> Data section:
[Start of Attachment]
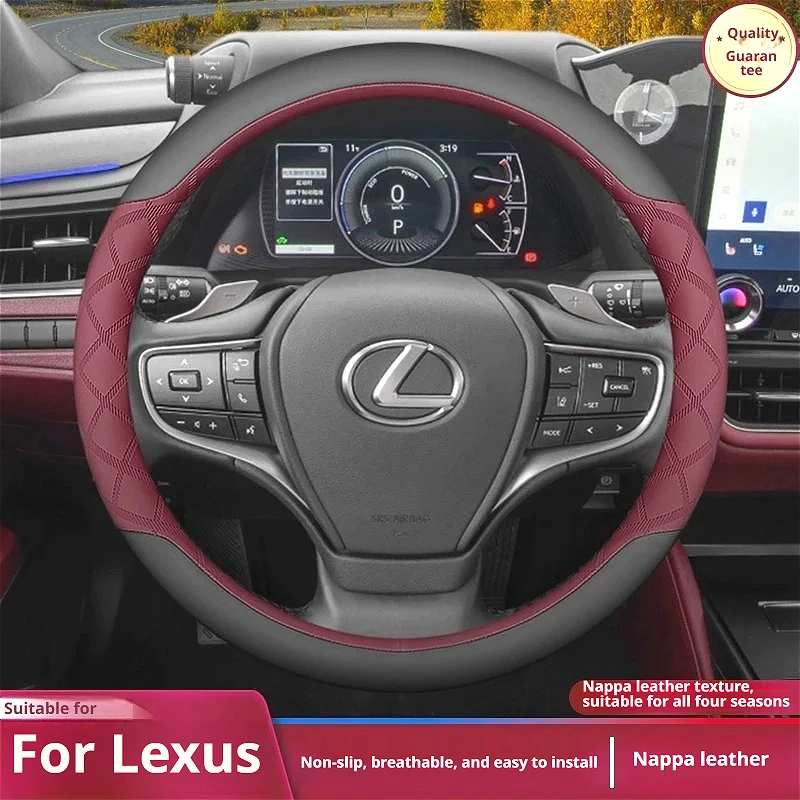 For Lexus Two-tone Leather Car Steering Wheel Cover for IS ES RX NX ES200 ES300h ES350h RX350 RX500h NX350h NX450h Accessories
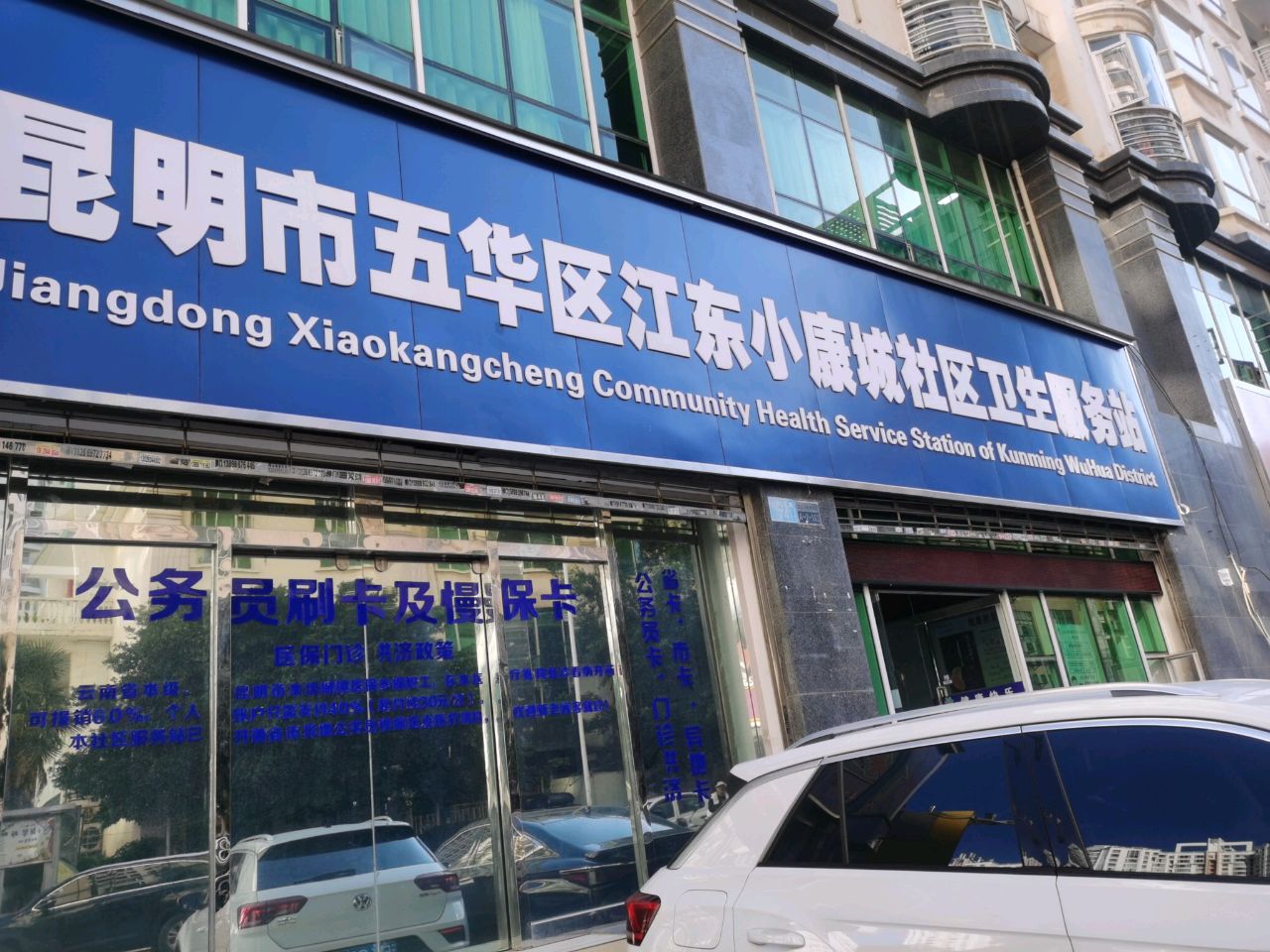 昆明市五华区源坊美容店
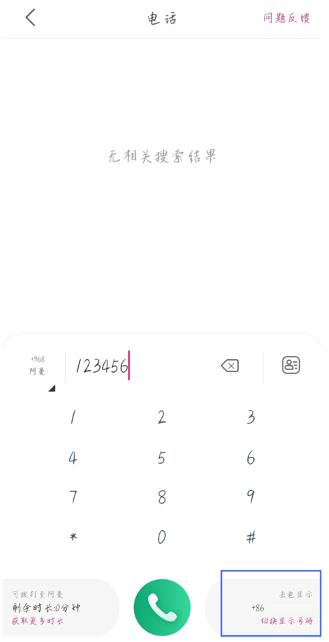 ������app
[End of Attachment]
> Exercise directions: Without including any pictures, reproduce the listing exactly.

> Final answer:
 For Lexus Two-tone Leather Car Steering Wheel Cover for IS ES RX NX ES200 ES300h ES350h RX350 RX500h NX350h NX450h Accessories
 昆明市五华区源坊美容店
 ������app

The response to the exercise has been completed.